- Active: 1946 – 2024
- Country: First Syrian Republic (1946–1950) Second Syrian Republic (1950–1958) United Arab Republic (1958–1961) Second Syrian Republic (1961–1963) Ba'athist Syria (1963–2024)
- Allegiance: Syrian Armed Forces (1946–1958) Armed Forces of the United Arab Republic (1958–1961) Syrian Armed Forces (1961–1963) Syrian Arab Armed Forces (1963–2024)
- Branch: Syrian Army
- Type: Brigade
- Role: Border Guard
- Size: 10,000 soldiers (2019)
- Part of: 3rd Corps
- Garrison/HQ: Homs
- Nickname: "Syrian Haganah"
- Motto: Martyrdom is the way to victory (Arabic: الاستشهاد هو الطريق إلى النصر)
- Engagements: Syrian Civil War;

Commanders
- Current Commander: Maj. Gen. Ghassan Mahmoud Nasour
- Chief of Staff: Maj. Gen. Muhammad Issa

= Border Guard Forces (Syria) =

The Border Guard Forces (قوات حرس الحدود) was a gendarmerie force of the Syrian Army responsible for guarding the borders of Syria (mainly in the east of the country) and important strategic facilities. The Syrian Border Guard was in the size of an enlarged unit containing seven regiments which were deployed in different centers in Syria, the brigade was under the command of the 3rd Corps.

==Command structure==
- Border Guard Forces (2021)
- 5th Regiment (Hasakah pocket)
- 6th Regiment (Southern Homs)
- 8th Regiment (Jordan-Syria border)
- 10th Regiment (Iraq-Syria border)
- 11th Regiment (Latakia)
- 12th Regiment (Manbij and Ayn al-Arab)
- Unknown Regiment (likely Lebanon-Syria border)
- 87th Battalion (Talkalakh)

==Combat history==
The Border Guard Forces began its existence during the French Mandate in Syria under the name "Desert Guard", before 1946. After the independence, its main work was preventing smuggling along the borders, preventing the infiltration of hostile forces, maintaining order in areas far from the centers of government and maintaining important strategic objectives such as Euphrates Dam, oil wells and power plants.

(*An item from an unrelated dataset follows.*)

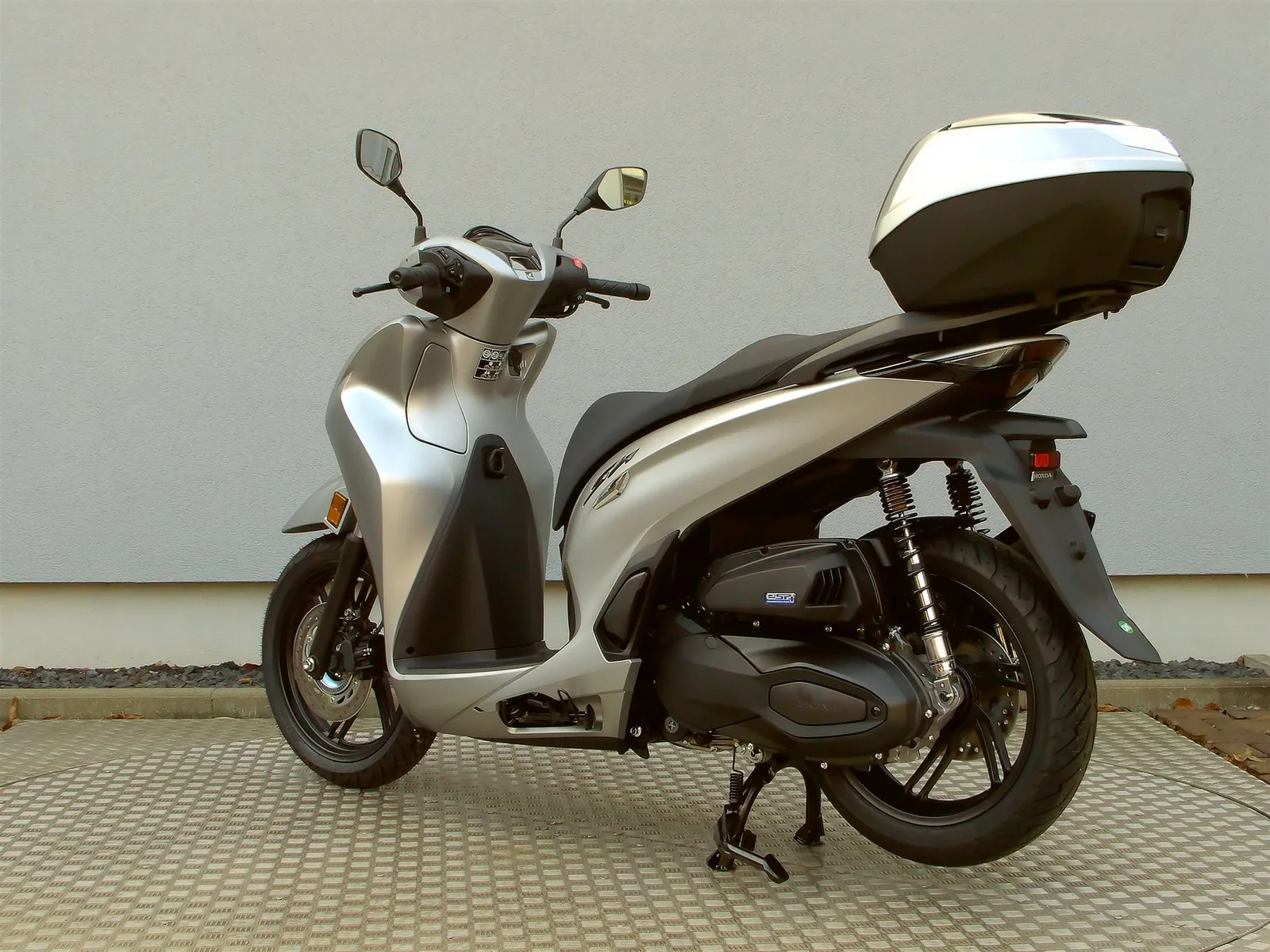 Honda SH350i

===Role in the Civil war===
Over the years, the Syrian Border Guard did not engage in combat as a regular fighting force, but maintained its status as a regional police force. Even during the Civil War in Syria, the Border Guard functioned as a police force mainly in the east of the country.

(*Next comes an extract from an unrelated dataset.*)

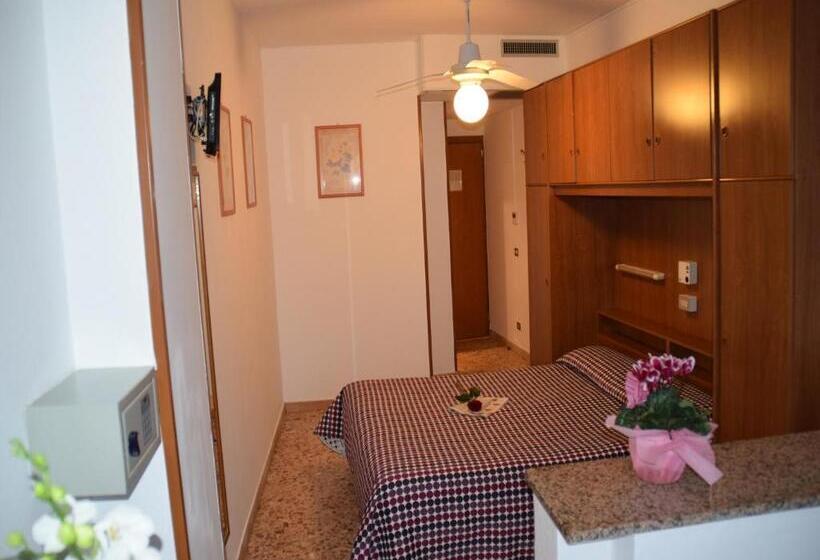 带海景标准四人间, Bellavista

As of 2019, the Border Guard Force includes seven regiments deployed along the borders of Syria, each regiment is responsible for a sector and its units are stationed throughout the positions and facilities. In their work, border guards use light and medium weapons in addition to armored vehicles to monitor and protect land borders. Since 2019, the Border Guard also incorporated many reconciled civilians or ex-rebels.